- Also known as: Foots Thomas
- Born: February 10, 1907 Muskogee, Oklahoma, U.S.
- Origin: St. Louis, Missouri, U.S.
- Died: August 26, 1981 (aged 74) Englewood, New Jersey, U.S.
- Genres: Jazz
- Instruments: Saxophone, flute

= Walter Thomas (musician) =

American jazz saxophonist, flutist, and arranger (1907–1981)

Walter Purl "Foots" Thomas (February 10, 1907 – August 26, 1981) was an American saxophonist, flutist, and arranger in Cab Calloway's orchestra, one of the most famous bands of the swing era in jazz.

==Early life==
Born in Muskogee, Oklahoma, Thomas moved to St. Louis, Missouri, where he played in Ed Allen's Whispering Band of Gold in the early 1920s. In 1924, he recorded with Fate Marable's Society Orchestra.

==Career==
In 1927, Thomas moved to New York City, where he played with the New Orleans pianist and composer Jelly Roll Morton and Joe Steele. He then joined The Missourians in 1929, just before Calloway took the band over. Among his arrangements was Calloway's 1931 hit song, "Minnie the Moocher."

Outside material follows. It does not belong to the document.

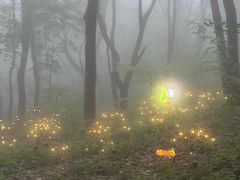-五女山景区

In 1943, he left Calloway's orchestra to work with the saxophonist and composer Don Redman. He led a 1944 recording session with sidemen including Coleman Hawkins, Hilton Jefferson, Eddie Barefield, and Jonah Jones; another session that year featured Ben Webster, Budd Johnson, and Emmett Berry.

During the mid-1940s he taught at a studio on West 48th Street in New York City; among his students was the hard bop alto saxophonist Jackie McLean. In the 1950s he became a manager and booking agent; he worked for the Shaw Artists Corporation, and for a time one of his clients was the trumpeter Dizzy Gillespie.

Thomas was inducted into the Oklahoma Jazz Hall of Fame in 1996.

==Personal life==
Thomas's older sister was the chef and author Cleora Butler; his younger brother was the alto saxophonist and songwriter Joe Thomas.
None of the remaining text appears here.